(post updated at 9:45 a.m. Monday)
Happy Presidents/President's/Presidents' Day! If you have the day off, I hope you find something fun to do—whether it involves a day of action, hitting up the sale at Guitar Center, or sleeping late.
Monday's NYT crossword is by Andrea C. Michaels. The theme is Run, Lola, Run, or three-word phrases in which the first and last words are the same. Can you think of other candidates for this theme besides the three that were used (BOND, JAMES BOND; HOME SWEET HOME; TIME AFTER TIME)? Timely to have a Britney Spears clue (I'M A as part of a song title) so soon after she was in the headlines. Okay, so she's seldom been out of the entertainment headlines for the past year. But now it's because she shaved her head! (Being bald makes her nose look bigger, doesn't it?) Perfect Monday puzzle here, with tons of easy and crap-free 3-letter entries. Okay, maybe beginning solvers don't instantly associate Swedish air travel with SAS, but they've gotta learn it soon enough if they want to get better at solving crosswords.
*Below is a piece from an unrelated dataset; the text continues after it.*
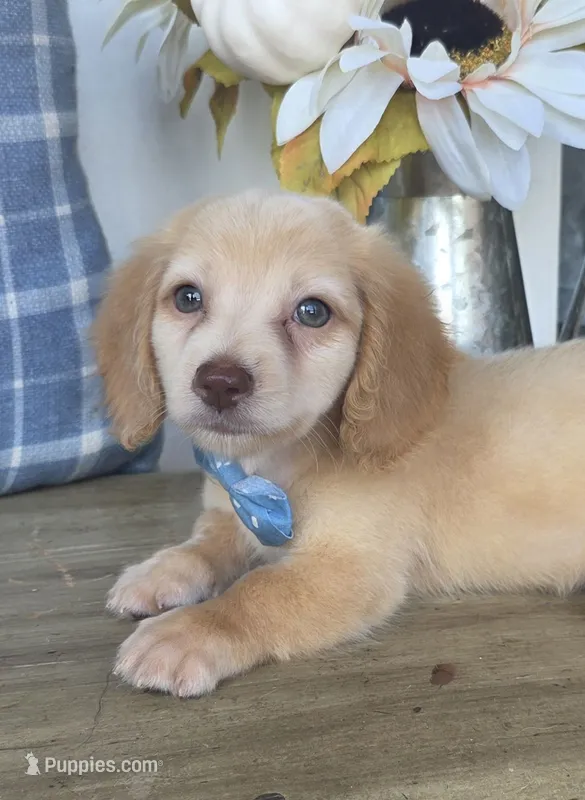 Cream Longhair Boy "Buddy" – Miniature Dachshund puppy for sale in Jackson, GA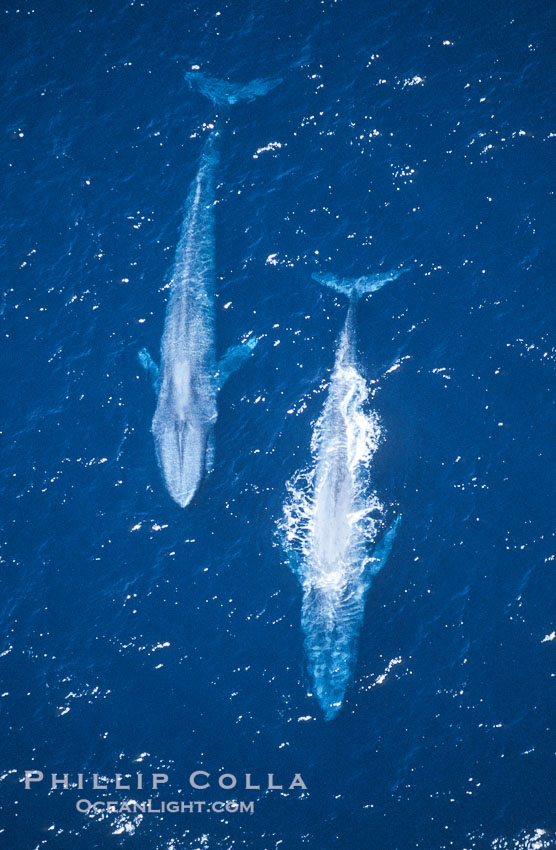 Blue whales surfacing,  Baja California (Mexico)., Balaenoptera musculus, natural history stock photograph, photo id 03348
Randall Hartman's LA Times puzzle marks Presidents Day with actors who played fictional presidents in the movies. Fun Monday puzzle.
Rich Norris's CrosSynergy puzzle startled me by including the word GOOK, clued as [Icky stuff]. I don't care if it's in the dictionary with that meaning (as a variant of guck). Its more prominent meaning (definition 1, in fact) is as a racial slur used against Asians and Asian-Americans. Here's a historical look at the word. And no, it hasn't lost its punch. It's alive and well, as this link from just last week shows.
The way I see it, if SCUMBAG and SCHMUCK have no place in the NYT crossword because of their used-condom and Yiddish-penis roots, a hateful word like GOOK—offensive not because it pertains to sex, but because it is used against a group of people—certainly should be off-limits. If you're a constructor and GOOK bails you out of a tough corner, I ask you to keep working on the fill. If you're an editor, if you can't find a way to rework the fill to eliminate that word, don't publish the puzzle. You'd reject anything with the N-word, wouldn't you?